“You’re given four Excel files as a data source.” “I will be working with Big Data.” Acceptable. Most real-world data science doesn’t start clean, scalable, or even connected. It starts exactly like this—fragmented files, inconsistent schemas, and unclear definitions. The value isn’t just in modeling. It’s in turning messy inputs into something structured, reliable, and actually usable. That’s where the work happens. #DataScience #DataEngineering #Analytics #ETL #BigData #SQL #Python #DataCleaning #BusinessIntelligence
Week/months/years of work only to hear “Can I get that in an Excel file?” 😅🤦 The truth is Excel has played and will continue to play a role in the data world. Better to accept and enable uses of it where appropriate than to fight it across the board. I find it particularly useful for mapping/override tables that customers can manage through Box/OneDrive.

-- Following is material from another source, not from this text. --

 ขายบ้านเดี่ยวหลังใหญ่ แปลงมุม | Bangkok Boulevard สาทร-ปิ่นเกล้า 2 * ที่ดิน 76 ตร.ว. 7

Completely agree. Data engineering and ETL play a critical role in standardizing disparate sources and ensuring data quality before any meaningful analytics can happen.
Agreed. The ability to transform disparate data into something usable for analysis and model evaluation is consistently undervalued. In practice, this isn’t just a technical gap. It is a governance failure. Poorly structured or unvetted data doesn’t just produce weak models; it creates downstream risk, wasted resources, and false confidence in decision-making. “Garbage in, garbage out” is still undefeated. Data quality is not ancillary. It is foundational. And Excel is not a data storage system.